In Sellout, Dan covers how 11 bands deal with the commodification of their creative output. Some acts do well, leveraging major-label backing into global fame and lucrative careers; others are destroyed by the pressure to produce hits and the disgust of one-time fans who saw them as traitors to the scene that made them. (This should be sounding very familiar to anyone who was paying attention to the craft beer business over the past 10 years.)
In our interview (conducted 10/27/21), Dan and I discussed the parallels between our two beats, his experiences reporting Sellout, and the perspective it gave him on the dynamic between creativity and commodity. Also: which band was the hard seltzer equivalent in the post-punk music scene of the late Aughts. Hope you enjoy.
Editor’s note: This transcript has been edited and condensed. The full-length interview is available on The Fingers Podcast for paying subscribers. To become a paying subscriber, click here.
Meet Dan Ozzi, music journalist and author of Sellout
Dave Infante, Fingers: Dan Ozzi, author of the new book Sellout: The Major-Label Feeding Frenzy That Swept Punk Emo and Hardcore 1994-2007. Welcome to the Fingers Podcast. How’s it feel to have the book out in the world?
Dan Ozzi, author of Sellout: Relieving! It feels like it's everybody else's problem now. In the month before it came out, I had to be like, you know, like, every single day I had a schedule some kind of social media thing. Did you preorder the book yet? Don't forget to preorder it. Hey, when you preorder today, you get a free tote bag. Look at me, look at me, look at me, don't forget about me. And now it's like out and people are getting their copies, and they're just posting them on the internet, I kind of just have to sit back and watch it. I don't have to like be so thirsty on main anymore. So that's fun.
You can go back to being thirsty on finsta, where that belongs.
Yeah, where we'd all rather be.
You and I first met when you were writing for Noisey. That would have been… what, middle of last decade? How long have you been covering this scene?
I hate thinking about how long it’s been. Probably in earnest since 2013. So yeah, I'll be coming up on a decade. I got two books under my belt in that time. It seems good. I'd like to do another one within the next couple years. We’ll see.
Tell me a little bit about this book, Sellout. For people who aren't as familiar with how pivotal this period [1994-2007] was in the music scene, why did do you think this was significant in forming the music industry sort of as we know it today?
I see it as like an overlooked area, a very weird gray area. In the ‘80s, independent rock music was Black Flag, Fugazi, Big Black, Mudhoney, bands that were not interested in major labels. And major labels weren't interested in them, so they got to just fly their DIY flag. We look back at them as heroes, right? But in more recent years, popular indie rock music was like, The Strokes and The White Stripes, and The Yeah Yeah Yeahs. People who were like, well, yeah, fuck being poor, like we want go out with models and hang out with celebrities and be rock stars.
Whenever something is popular, you just get like 10 years of a watered-down version of it.

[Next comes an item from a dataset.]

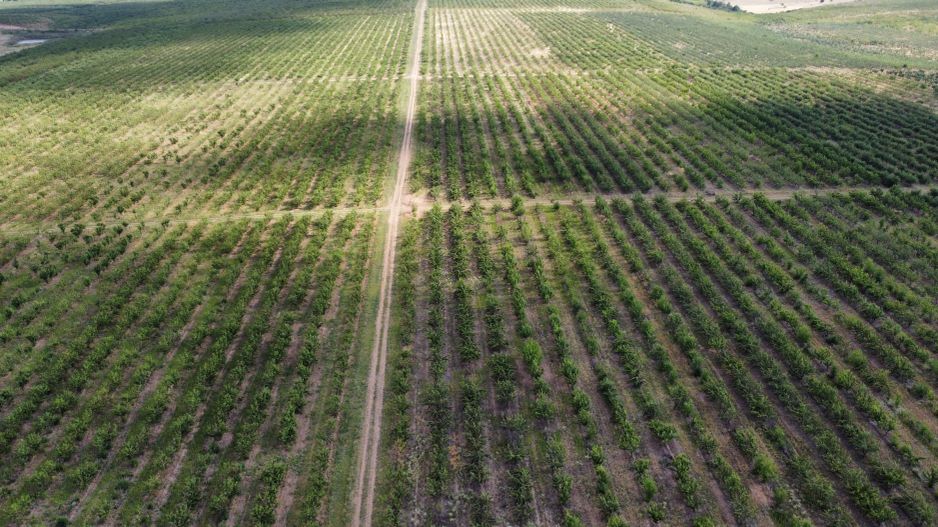 Ferma pomicola cu teren livada 270 ha - Timis - Poză 1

But there was this weird period in the middle that I grew up with that seemed to have gone undocumented until now, where you have the shift from one era to another. Some bands were just who were just kids were getting offered like, a million bucks to make two records for Geffen. But there was this weird punk guilt that came with it where you could take that million dollar check, but you might lose your entire fanbase. They might turn on you. So I wanted to document this weird era that I live through where it was like indie rock meets fame. The moral conflict, the ethical dilemmas that these people faced.